(Stored data entries)

• • • • • • •

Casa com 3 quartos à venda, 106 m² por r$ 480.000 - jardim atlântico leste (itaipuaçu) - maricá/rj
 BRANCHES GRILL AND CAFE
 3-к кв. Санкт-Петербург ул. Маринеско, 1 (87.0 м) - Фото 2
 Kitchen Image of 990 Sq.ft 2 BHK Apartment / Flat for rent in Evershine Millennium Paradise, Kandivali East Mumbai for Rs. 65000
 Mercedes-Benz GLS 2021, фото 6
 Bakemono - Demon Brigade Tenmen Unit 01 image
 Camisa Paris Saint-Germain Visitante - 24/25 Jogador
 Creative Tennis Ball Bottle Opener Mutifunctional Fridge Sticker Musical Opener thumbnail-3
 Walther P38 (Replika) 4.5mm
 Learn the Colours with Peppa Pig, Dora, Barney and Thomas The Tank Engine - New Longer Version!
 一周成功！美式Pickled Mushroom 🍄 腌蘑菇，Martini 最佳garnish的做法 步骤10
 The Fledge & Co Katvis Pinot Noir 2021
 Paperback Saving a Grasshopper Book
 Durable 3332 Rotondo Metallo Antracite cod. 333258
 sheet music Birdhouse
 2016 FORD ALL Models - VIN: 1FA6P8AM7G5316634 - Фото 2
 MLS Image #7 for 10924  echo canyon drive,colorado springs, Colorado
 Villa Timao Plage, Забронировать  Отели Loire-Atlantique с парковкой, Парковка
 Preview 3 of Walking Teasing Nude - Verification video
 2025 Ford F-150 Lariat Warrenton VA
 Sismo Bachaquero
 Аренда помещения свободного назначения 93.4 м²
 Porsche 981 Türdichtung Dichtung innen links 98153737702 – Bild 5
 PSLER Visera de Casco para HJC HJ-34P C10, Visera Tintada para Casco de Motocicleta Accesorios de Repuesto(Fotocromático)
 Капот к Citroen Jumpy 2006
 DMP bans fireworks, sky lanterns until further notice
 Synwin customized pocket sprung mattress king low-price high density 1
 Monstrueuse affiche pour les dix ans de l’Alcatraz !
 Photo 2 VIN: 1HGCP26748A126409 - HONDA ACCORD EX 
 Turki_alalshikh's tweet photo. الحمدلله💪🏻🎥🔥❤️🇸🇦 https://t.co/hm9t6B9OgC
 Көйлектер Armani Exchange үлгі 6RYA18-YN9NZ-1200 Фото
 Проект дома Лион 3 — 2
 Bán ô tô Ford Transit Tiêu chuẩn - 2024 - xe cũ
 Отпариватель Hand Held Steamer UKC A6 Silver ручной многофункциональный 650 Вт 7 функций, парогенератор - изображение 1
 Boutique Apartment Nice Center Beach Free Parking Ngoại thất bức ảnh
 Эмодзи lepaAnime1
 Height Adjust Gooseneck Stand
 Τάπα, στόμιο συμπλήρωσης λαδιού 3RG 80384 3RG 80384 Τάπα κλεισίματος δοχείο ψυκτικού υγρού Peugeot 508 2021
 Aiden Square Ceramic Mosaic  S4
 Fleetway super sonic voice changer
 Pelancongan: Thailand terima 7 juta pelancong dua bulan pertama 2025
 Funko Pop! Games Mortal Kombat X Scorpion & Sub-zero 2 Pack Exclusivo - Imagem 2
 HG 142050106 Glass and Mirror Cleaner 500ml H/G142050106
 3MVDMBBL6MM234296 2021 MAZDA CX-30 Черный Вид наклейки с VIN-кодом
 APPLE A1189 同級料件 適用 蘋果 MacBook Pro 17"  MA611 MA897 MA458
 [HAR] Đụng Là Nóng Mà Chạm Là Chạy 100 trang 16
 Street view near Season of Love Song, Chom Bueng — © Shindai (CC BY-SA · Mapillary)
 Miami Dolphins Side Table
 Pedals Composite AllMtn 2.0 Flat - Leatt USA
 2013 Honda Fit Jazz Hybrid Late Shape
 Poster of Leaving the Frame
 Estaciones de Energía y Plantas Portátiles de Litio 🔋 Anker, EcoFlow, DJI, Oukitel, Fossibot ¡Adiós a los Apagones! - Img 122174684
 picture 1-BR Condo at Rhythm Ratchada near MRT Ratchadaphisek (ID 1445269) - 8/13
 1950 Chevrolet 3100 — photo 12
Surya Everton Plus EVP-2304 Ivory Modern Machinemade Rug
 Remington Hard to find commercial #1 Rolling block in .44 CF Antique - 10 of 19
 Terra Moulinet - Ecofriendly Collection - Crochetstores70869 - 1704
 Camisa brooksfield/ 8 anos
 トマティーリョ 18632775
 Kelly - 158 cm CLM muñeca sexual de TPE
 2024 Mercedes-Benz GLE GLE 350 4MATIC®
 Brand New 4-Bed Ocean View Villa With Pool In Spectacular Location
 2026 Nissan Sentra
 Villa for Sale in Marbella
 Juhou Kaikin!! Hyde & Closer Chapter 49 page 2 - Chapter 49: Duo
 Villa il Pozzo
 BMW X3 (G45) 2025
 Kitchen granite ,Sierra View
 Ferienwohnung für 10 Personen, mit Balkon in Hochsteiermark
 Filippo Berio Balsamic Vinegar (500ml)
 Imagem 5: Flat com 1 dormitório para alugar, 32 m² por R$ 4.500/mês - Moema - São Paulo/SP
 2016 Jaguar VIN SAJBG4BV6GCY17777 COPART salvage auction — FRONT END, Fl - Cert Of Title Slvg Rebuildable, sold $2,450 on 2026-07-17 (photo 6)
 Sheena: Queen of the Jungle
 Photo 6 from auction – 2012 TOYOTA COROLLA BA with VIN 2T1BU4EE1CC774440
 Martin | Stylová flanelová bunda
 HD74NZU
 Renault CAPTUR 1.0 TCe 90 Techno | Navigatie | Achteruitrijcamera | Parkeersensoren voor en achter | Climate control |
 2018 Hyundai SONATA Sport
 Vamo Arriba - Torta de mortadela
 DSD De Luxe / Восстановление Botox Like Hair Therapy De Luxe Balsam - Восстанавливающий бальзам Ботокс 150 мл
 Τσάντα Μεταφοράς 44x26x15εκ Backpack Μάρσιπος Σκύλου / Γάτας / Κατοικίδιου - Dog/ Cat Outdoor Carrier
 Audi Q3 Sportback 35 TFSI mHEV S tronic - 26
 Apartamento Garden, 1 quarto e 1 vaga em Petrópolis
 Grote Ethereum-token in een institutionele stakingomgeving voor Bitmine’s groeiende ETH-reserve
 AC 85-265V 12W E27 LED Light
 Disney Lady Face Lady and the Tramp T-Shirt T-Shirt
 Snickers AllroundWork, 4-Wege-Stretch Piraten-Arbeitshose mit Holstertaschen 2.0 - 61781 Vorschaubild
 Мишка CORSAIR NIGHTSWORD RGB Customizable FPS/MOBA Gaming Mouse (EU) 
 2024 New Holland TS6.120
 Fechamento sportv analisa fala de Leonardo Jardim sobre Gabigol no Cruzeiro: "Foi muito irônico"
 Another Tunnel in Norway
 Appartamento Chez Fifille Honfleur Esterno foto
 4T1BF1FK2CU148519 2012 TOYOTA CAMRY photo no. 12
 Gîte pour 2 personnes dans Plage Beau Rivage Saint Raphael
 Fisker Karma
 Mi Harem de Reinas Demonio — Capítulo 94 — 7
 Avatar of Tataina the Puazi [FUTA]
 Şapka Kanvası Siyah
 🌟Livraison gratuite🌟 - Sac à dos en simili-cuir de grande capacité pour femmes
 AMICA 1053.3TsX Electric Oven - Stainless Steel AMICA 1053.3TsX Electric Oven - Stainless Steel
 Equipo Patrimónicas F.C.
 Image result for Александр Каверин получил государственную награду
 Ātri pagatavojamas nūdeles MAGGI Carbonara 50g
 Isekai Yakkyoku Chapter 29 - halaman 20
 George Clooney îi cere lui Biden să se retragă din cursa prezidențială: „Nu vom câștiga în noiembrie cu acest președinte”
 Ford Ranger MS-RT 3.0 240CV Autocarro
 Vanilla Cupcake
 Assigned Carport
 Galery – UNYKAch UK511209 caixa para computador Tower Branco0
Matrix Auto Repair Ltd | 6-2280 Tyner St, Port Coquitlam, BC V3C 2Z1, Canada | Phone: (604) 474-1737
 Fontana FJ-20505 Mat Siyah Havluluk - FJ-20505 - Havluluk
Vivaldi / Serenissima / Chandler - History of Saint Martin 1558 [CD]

• • • • • • •

Select and copy each line from the data that includes the word "Mercedes".

 Mercedes-Benz GLS 2021, фото 6
 2024 Mercedes-Benz GLE GLE 350 4MATIC®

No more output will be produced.